Most prohibitionists think that they merely have to use the word "drugs" to win an argument. Like: "Oh, so you're in favor of DRUGS then, are you?" You can just see them sneering as they type. That's because the word "drugs" is like the word "scab": it's a loaded political term.

In "Psychedelic Refugee," Rosemary Leary writes: "Fueled by small doses of LSD, almost everything was amusing or weird." -- Rosemary Leary In a non-brainwashed world, such testimony would suggest obvious ways to help the depressed.

Even when laudanum was legal in the UK, pharmacists were serving as moral adjudicators, deciding for whom they should fill such prescriptions.
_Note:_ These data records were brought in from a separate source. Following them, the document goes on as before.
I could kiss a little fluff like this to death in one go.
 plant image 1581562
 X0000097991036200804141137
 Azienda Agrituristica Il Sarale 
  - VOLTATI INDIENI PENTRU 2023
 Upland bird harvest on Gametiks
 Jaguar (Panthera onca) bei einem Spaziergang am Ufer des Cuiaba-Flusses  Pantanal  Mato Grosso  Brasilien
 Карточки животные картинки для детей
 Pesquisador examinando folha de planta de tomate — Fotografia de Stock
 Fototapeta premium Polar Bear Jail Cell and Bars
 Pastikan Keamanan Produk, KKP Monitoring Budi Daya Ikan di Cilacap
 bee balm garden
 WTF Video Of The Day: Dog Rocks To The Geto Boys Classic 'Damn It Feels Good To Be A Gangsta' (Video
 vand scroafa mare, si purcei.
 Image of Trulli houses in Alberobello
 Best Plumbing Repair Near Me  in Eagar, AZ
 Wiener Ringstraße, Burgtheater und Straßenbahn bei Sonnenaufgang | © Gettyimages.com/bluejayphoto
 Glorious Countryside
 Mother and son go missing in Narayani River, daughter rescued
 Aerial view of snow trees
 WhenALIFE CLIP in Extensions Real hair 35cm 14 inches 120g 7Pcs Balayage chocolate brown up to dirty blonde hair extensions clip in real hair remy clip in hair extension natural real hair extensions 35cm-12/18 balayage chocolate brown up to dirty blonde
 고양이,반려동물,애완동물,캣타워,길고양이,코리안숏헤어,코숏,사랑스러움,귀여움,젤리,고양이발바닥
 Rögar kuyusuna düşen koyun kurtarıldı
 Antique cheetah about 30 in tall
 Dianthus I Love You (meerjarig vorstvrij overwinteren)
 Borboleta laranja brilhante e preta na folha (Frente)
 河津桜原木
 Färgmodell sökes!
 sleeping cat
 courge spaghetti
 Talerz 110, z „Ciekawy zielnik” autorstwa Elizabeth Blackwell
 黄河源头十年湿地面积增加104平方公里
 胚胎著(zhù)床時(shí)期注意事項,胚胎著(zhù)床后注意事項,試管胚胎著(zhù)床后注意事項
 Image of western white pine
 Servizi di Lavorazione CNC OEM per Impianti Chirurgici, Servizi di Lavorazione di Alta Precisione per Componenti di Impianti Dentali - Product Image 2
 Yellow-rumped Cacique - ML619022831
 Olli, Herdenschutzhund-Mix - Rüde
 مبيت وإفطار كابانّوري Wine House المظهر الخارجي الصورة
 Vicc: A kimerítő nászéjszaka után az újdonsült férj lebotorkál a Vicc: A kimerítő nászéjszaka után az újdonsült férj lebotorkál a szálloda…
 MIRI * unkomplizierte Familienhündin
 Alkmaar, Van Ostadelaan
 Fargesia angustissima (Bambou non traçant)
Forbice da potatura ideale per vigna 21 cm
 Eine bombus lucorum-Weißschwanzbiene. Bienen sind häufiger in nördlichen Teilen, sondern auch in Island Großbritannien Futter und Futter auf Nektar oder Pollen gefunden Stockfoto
That's not a pharmacist's role. We need an ABC-like set-up in which the cashier does not pry into my motives for buying a substance.

People are talking about re-scheduling psilocybin, but they miss the point. We need to DE-schedule everything. It's anti-scientific to conclude in advance that any drug has no uses -- and it's a lie too, of course. End drug scheduling altogether! It's childish and wrong.

In the age of the Drug War, the Hippocratic Oath has become "First, do no good."

Like when Laura Sanders tells us in Science News that depression is an intractable problem, she should rather tell us: "Depression is an intractable problem... that is, in a world wherein we refuse to consider the benefits of 'drugs,' let alone to fight for their beneficial use."

All drugs have positive uses. It's absurd to prohibit using them because one demographic might misuse them.

What attracts me about "drug dealers" is that they are NOT interested in prying into my private life. What a relief! With psychiatry, you are probed for pathological behavior on every office visit. You are a child. To the "drug dealer," I am an adult at least.

If our loved ones should experience severe depression and visit an emergency room for treatment, they will be started on a regime of dependence-causing Big Pharma drugs. They will not be given any drugs that elate and inspire.